→ **Problem details**: Line by line, transcribe the data below exactly and pass over the images.

→ **Data segment**:
* * *

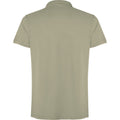 Khaki - Back - Roly Unisex Adult Cobain Short-Sleeved Polo Shirt
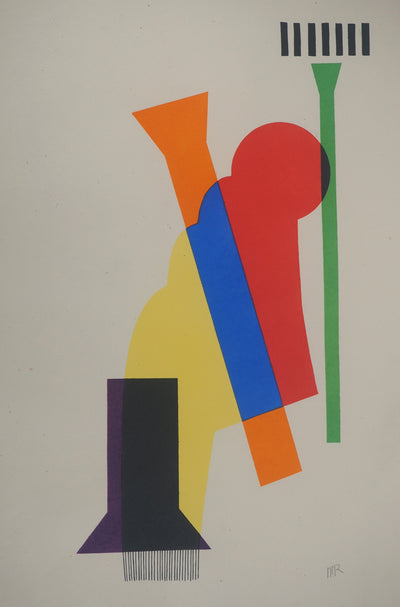 Man RAY : Figure abstraite, Lithographie originale (photo de détail 3) - Crédit photo : Galerie Art.Paris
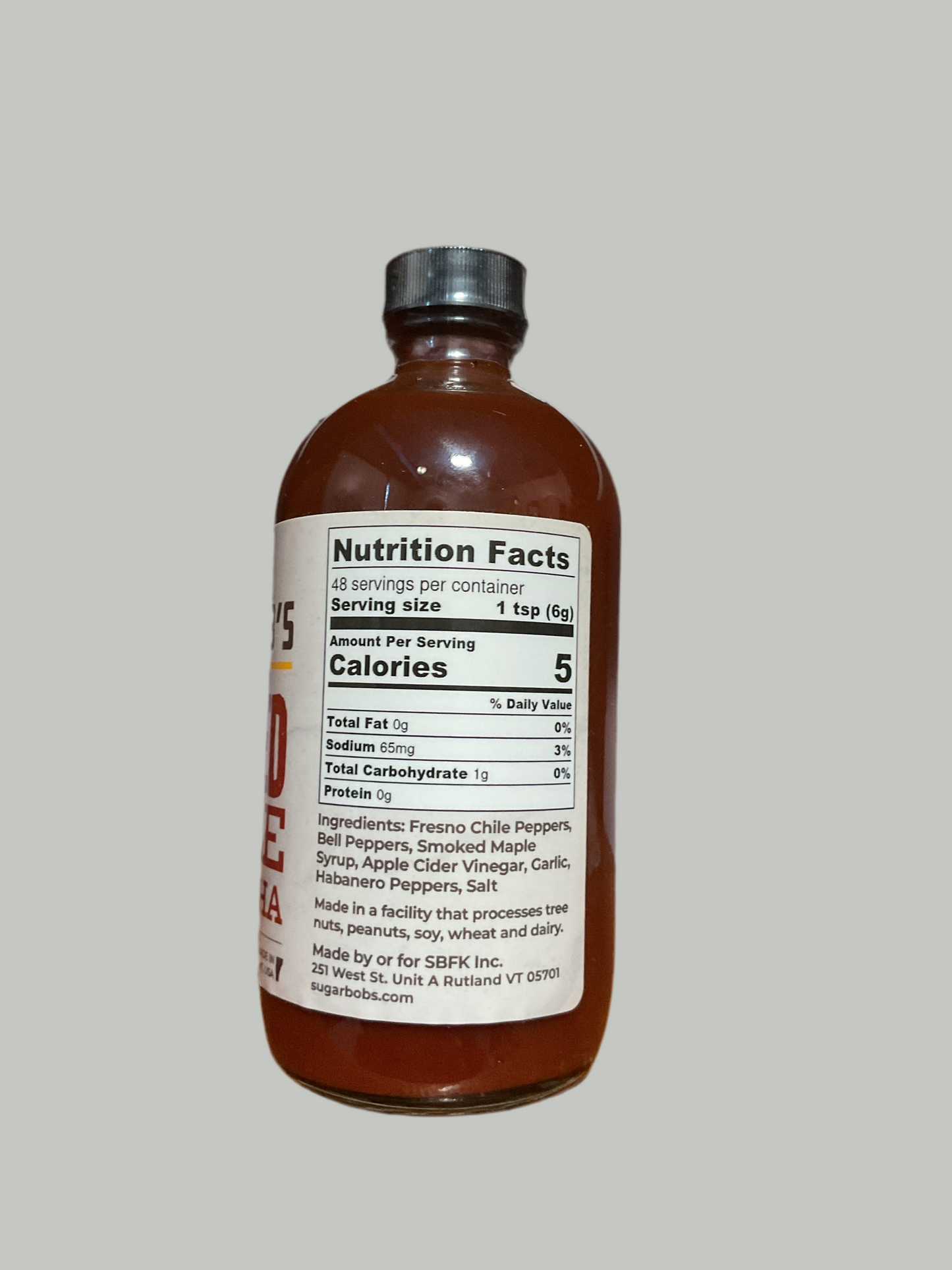Sugar Bob's Maple Sriracha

* * *

→ **Solution to this exercise**:
 Khaki - Back - Roly Unisex Adult Cobain Short-Sleeved Polo Shirt
 Man RAY : Figure abstraite, Lithographie originale (photo de détail 3) - Crédit photo : Galerie Art.Paris
Sugar Bob's Maple Sriracha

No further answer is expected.